Last week, Saudi Arabia and the other major oil producers met in Vienna at the year’s final big OPEC meeting of the year. As Foreign Policy notes, Saudi Arabia remains the largest oil producer inside OPEC but has to contend with the US and Russia who are “pumping oil at record levels.” Together, the three countries are the world’s biggest oil producers, meaning any coordinated decision made between these three nations can be somewhat monumental.

However, it appears that one of these three nations will end up drawing the short end of the stick as the other two begin forming a closer alliance. As Foreign Policy explains:

“But Saudi Arabia has bigger game in mind at Vienna than just stabilizing oil prices. Recognizing that it can’t shape the global oil market by itself anymore but rather needs the cooperation of Russia, Saudi Arabia is hoping to formalize an ad hoc agreement between OPEC and Moscow that began in 2016, a time when dirt-cheap oil also posed a threat to oil-dependent regimes. That informal agreement expires at the end of the year, but the Saudis would like to make Russia’s participation with the cartel more permanent.”

Russian officials have been signalling their intention to formalise this agreement for quite some time now. Given the hysteria in western media about any and all things Russian, it is not too much of a stretch to suggest that this is the kind of news that is not sitting too well with the powers-that-be.

Earlier this year, Russia and Saudi Arabia announced that it would “institutionalize” the two-year-old bilateral agreement to coordinate oil production targets in order to maintain an edge on the global market.

While US president Trump has been supportive and incredibly defensive of MBS during this “crisis”, the truth is that the US only has itself to blame. It was not all too long ago that Trump announced that he had told Saudi King Salman that his kingdom would not last two weeks without US support.

Saudi Arabia is learning for themselves quite quickly that, ultimately, it may pay not to have all its eggs in one geopolitical superpower basket.

Saudi Arabia has been increasingly interested in Moscow since King Salman made a historic visit to Moscow in October 2017. While Trump has openly bragged about his record-breaking arms deals with the Saudis, the blunt truth is that the $110 billion arms agreements were reportedly only ever letters of interest or intent, but not actual contracts. As such, the US-Saudi arms deal is still yet to be locked in, all the while Saudi Arabia is negotiating with Russia for its S-400 air defence system. This is, as the Washington Post notes, despite repeated US requests to Saudi Arabia for it disavow its interest in Russia’s arms.

The economic threat that an “independent” Saudi Arabia under MBS’ leadership poses to Washington runs deeper than meets the eye and may indeed have a domino effect. According to CNN, Russia and Saudi Arabia “are engaged in an intense battle over who will be the top supplier to China, a major energy importer with an insatiable appetite for crude.”

The unveiling of China’s petro-yuan poses a major headache for Washington and its control over Saudi Arabia as well.According to Carl Weinberg, chief economist and managing director at High-Frequency Economics, China will “compel”Saudi Arabia to trade oil in Chinese yuan instead of US dollars.
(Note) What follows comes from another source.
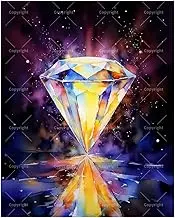 TAOPAOLAB Rainbow Space Diamond Paint by Numbers Kit for Adults - DIY Prism Diamond Reflection Painting on Canvas 16x20In, Acrylic Paint Set, Suitable for Beginners, Art for Home Decoration or Gifts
One must bear in mind that China has now surpassed the US as the “biggest oil importer on the planet,” these direct attacks on the US dollar will have huge implications for its current world reserve status.

If Saudi Arabia jumps on board China’s petro-yuan, the rest of OPEC will eventually follow, and the US might be left with no choice but to declare all of these countries in need of some vital freedom and democracy.

Therefore, ousting MBS and replacing him with a Crown Prince who doesn’t stray too far from the tree that is US imperialism may put a dent in pending relationships with Saudi Arabia and Washington’s adversaries, Russia and China.

Once we get over the certainty that the US media and the CIA are not against MBS for his long-list of human rights abuses, the question then becomes: why – why now, and in this manner, have they decided to put the spotlight on MBS and expose him exactly for what he is.

Clearly, the driving force behind this media outrage is a bit more complex than first meets the eye.